Erik Joelsson erik.joelsson at oracle.com
Fri Nov 30 18:44:26 UTC 2018


Hello,

On 2018-11-30 10:03, Volker Simonis wrote:
> Thanks for the background information. But as far as I can see, this
> currently only works because "THIS_FILE" is always empty which of
> course makes builds to various locations highly comparable :) On the
> other hand, HotSpot is not using THIS_FILE at all and "__FILE__" quite
> a lot.
>
> Don't get me wrong. I highly appreciate the feature of having absolute
> path names in the build to make all command lines in the build
> self-contained (I use that feature every day :). And I also support
> the goal of making builds even more reproducible. But does this goal
> not apply to hotspot (or is it just on the TODO list ?).
>
> In the end, I'm happy with the current, minimal fix which at least
> gets the logs working again.
>
> And maybe for the follow up change we should then better move all
> "__FILE__" occurrences in HotSpot to "THIS_FILE" instead of getting
> rid of "THIS_FILE"?
>
When converting the hotspot makefiles, that was on our list, but we 
never got around to it. The problem with the THIS_FILE approach is that 
it only sets the .c/.c++ file name while many of the __FILE__ in hotspot 
are in header files. This means that the accompanying __LINE__ will be 
incorrect. At the time I didn't feel comfortable introducing such a 
degradation in the usefulness of Hotspot debug messages.
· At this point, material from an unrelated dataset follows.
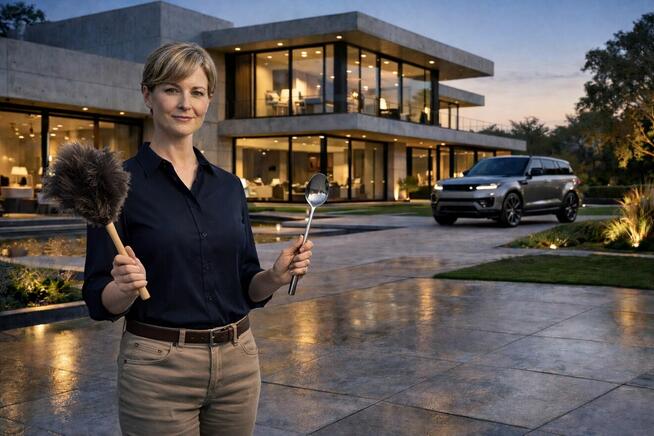 Gospodarz/Gospodyni Domu – praca stała, Chynowie (3/4 etatu)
We also have a much harder time with reproducible output in Hotspot in 
general, probably because it's a much bigger library and also because of 
C++ vs C. As it stands now, I couldn't say we have concrete plans on 
changing Hotspot to THIS_FILE other than a vague vision of at some point 
making an effort towards more reproducible builds in general.

A possible different approach could be to back off on the absolute paths 
in the actual compile command lines by actively rewriting all paths 
relative to the source root before calling the compiler, and always call 
the compiler from there. This would preserve the absolute paths 
everywhere in make, but would make the cmdline files a bit less useful 
(though we could still make a copy-paste of the command in there behave 
with "(cd srcroot && compile)" construct.) This may be a better long 
term strategy for truly reproducible builds anyway.